Retrospective: 1974-1979 Kawasaki KZ400 Twin

1976 Kawasaki KZ400
1976 Kawasaki KZ400D3. Owner: Michael Lane, Kansas City, Kansas.

Nice little bike. Great for commuting, but entirely capable of a cross-country trip. This model was an answer to problems in the global economy. The dollar was devalued in 1971, with President Nixon taking us off the gold standard, meaning we had less money to spend on foreign products. Also, Congress was upping the import tariffs on lots of things, trying to figure out how to pay for the war in Vietnam. In response, Kawasaki decided to build a factory in Lincoln, Nebraska. This was not a real manufacturing facility, but more of an assembly plant, as the import duties on bits and pieces of a motorcycle were a lot less than bringing in a whole one.

1976 Kawasaki KZ400
1976 Kawasaki KZ400.

Kawasaki had been looking at the success of Honda’s little four-stroke twin, the CB350, which had modest performance but all the amenities Americans seemed to like, including an electric starter. Kawasaki’s R&D backroom boys put their heads together, drew up plans and came forth with a very efficient, if rather uninspired, 398cc vertical twin, with a 360-degree crankshaft, an overhead camshaft and an electric leg. In June of 1974 the first KZ400 rolled off the assembly line in Akashi, Japan, and a number of them arrived in the United States. But that was just the beginning, as the factory was turning out a lot more parts than those assembly line workers could use.
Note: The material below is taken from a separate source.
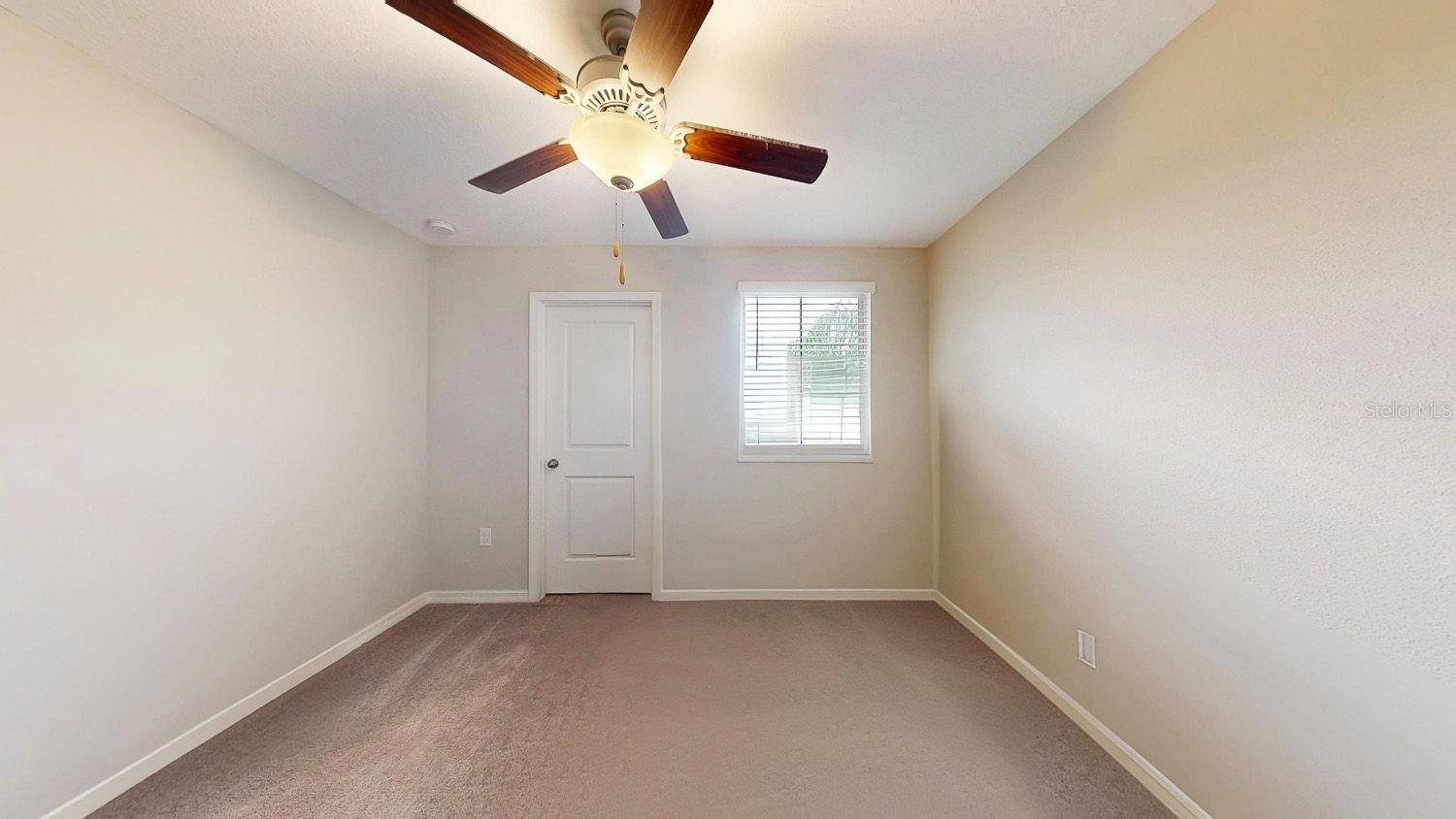 10211 White Linen Ave Property Photo 6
Crates of them were going to Nebraska. In January of 1975 a KZ400 rolled off the Lincoln line with “Made in the USA” on the ID plate.
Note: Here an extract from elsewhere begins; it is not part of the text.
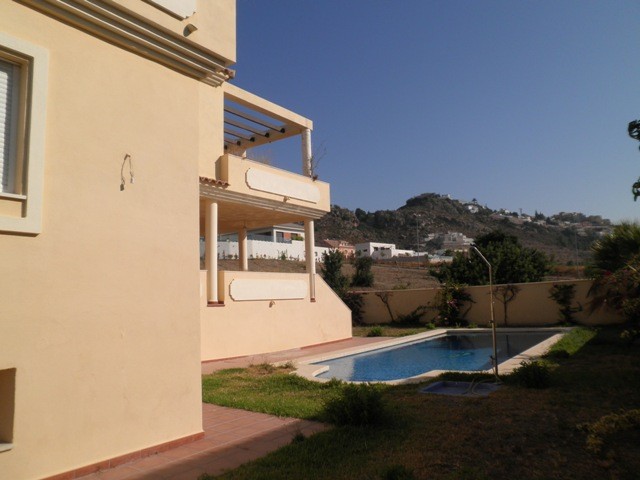 VILLA FOR SALE BENALMADENA - 2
One should add that the price of gas went up 45 percent between 1973 and 1975, from 39 cents per gallon to 57 cents. Could there be a better time for a 50-mpg econo-bike to hit the market?

1976 Kawasaki KZ400
1976 Kawasaki KZ400.

The frame was a simple double cradle having dual downtubes, with a big, fat backbone tube meeting up with the cradle at the swingarm pivot, a very solid affair that avoided any notion of flexiness. Front fork was by Kawasaki, very much like a Ceriani, and on the inexpensive, non-adjustable side. Five inches of travel was good, with a 27-degree rake and trail of approximately four inches offering a very middle-of-the-road stance. The swingarm ran out 20 inches, bouncing along on a cheap pair of Kawasaki shock absorbers having preload adjustability and three inches of travel. Too soft, reviewers said.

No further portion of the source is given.